Antonio Barnard Johnson was convicted of felony murder, possession of a firearm by a convicted felon and possession of a firearm during the commission of a crime.[1] He appeals *293 from the denial of his amended motion for new trial. Because we find that reversible error was committed by the introduction before the jury of improper character evidence, we reverse.

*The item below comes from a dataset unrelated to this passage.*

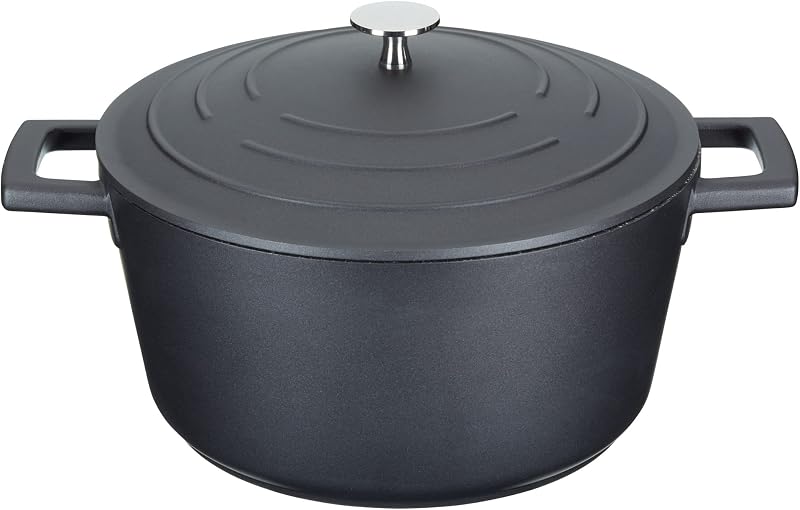 MasterClass Casserole Dish With Lid Medium 4L 24 cm Induction Oven Safe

1. The evidence adduced at trial authorized the jury to find that appellant joined Montae Chisholm and Eric Grimes as they were walking home from a nearby restaurant. Appellant wanted money for the marijuana he had given Chisholm to sell; Chisholm informed appellant that a boy named "Cuda" had stolen the marijuana from him. The three men passed near a green truck in which Tony Anderson, who bore a strong resemblance to "Cuda," happened to be sitting while waiting for a friend. When they reached Chisholm's home, Grimes entered the apartment and Chisholm, just behind him, looked to his left in time to see appellant pointing a long-barreled weapon in the direction of the green truck. Several shots were fired; one struck Tony Anderson in the head, fatally wounding him. At the time the shots were fired, the only people in the immediate area were the victim and appellant. Appellant came to Chisholm's apartment, panicked upon learning that Tony Anderson rather than "Cuda" had been shot, and fled the home.[2]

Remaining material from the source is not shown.